• [Exercise]: The lines in the listing below are to be given again exactly, starting at the line holding "8/12pcs Makeup Brushes" and ending at the line holding "Handsome Fretwork Coffee Table". Do not include pictures.

• [Input for this task]:
"""
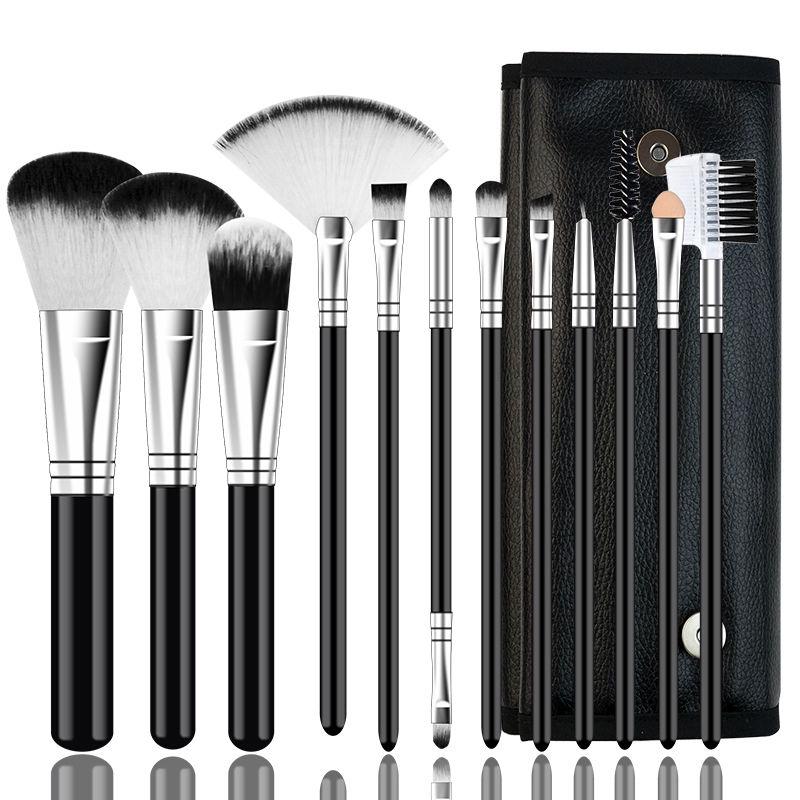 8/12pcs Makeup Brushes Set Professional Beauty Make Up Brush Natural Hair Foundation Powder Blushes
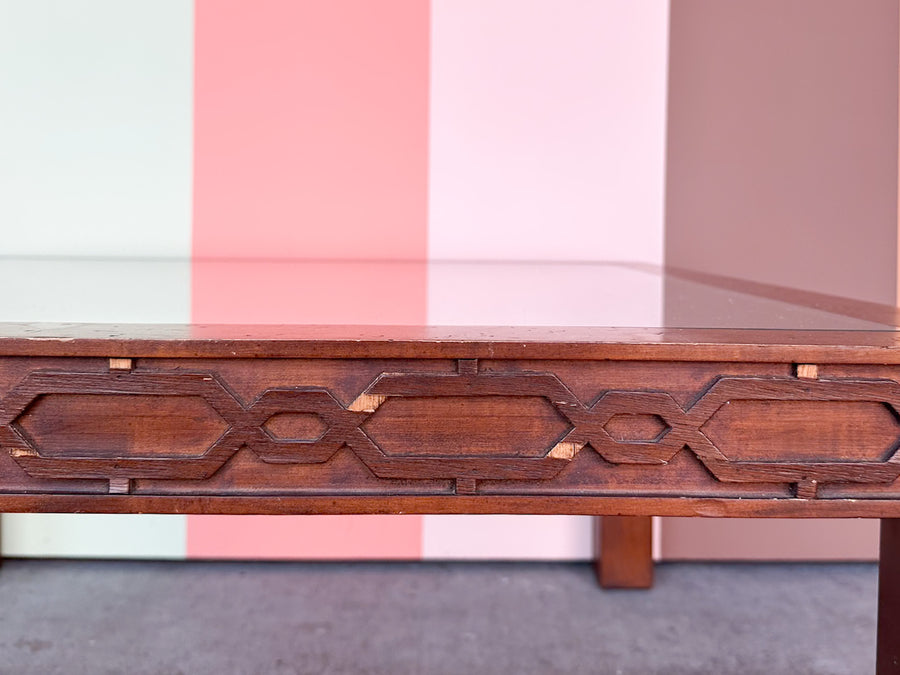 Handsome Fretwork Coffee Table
"""
"""
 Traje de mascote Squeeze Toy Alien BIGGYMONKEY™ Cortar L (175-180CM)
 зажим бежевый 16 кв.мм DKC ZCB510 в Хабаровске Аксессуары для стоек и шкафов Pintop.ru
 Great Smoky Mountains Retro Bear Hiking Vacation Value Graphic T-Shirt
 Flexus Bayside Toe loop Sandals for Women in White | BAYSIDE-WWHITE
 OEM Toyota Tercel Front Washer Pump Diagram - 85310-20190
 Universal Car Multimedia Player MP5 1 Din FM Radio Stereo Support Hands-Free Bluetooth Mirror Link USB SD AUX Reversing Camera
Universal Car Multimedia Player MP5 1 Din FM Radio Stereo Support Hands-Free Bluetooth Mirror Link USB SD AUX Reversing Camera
"""
"""
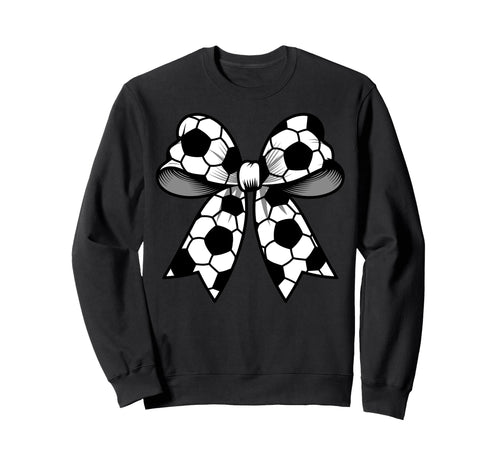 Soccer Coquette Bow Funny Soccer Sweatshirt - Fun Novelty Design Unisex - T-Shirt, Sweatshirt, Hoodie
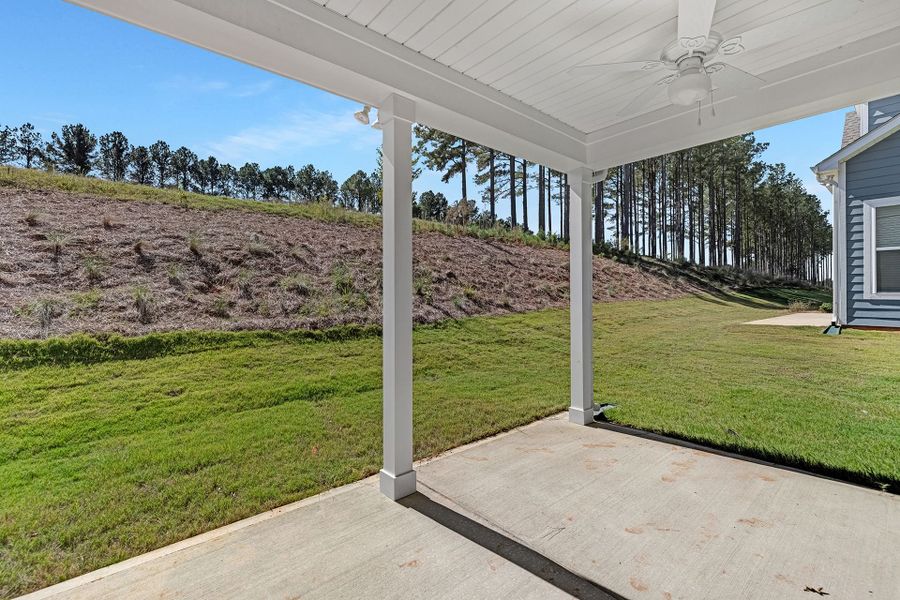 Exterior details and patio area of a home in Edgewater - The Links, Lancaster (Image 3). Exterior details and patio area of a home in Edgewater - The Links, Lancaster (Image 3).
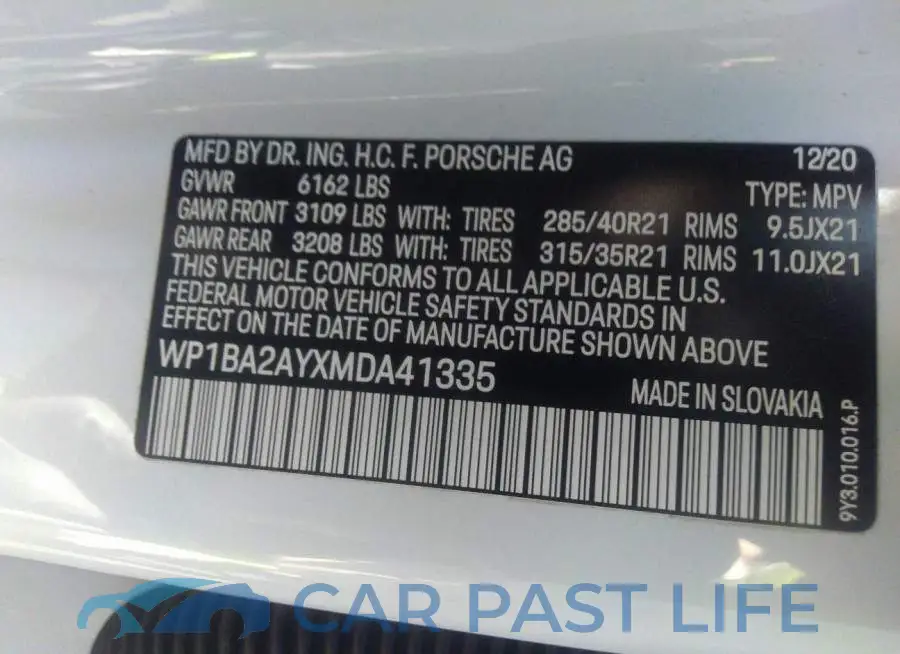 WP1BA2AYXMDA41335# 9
"""
• [Exercise result]:
 8/12pcs Makeup Brushes Set Professional Beauty Make Up Brush Natural Hair Foundation Powder Blushes
 Handsome Fretwork Coffee Table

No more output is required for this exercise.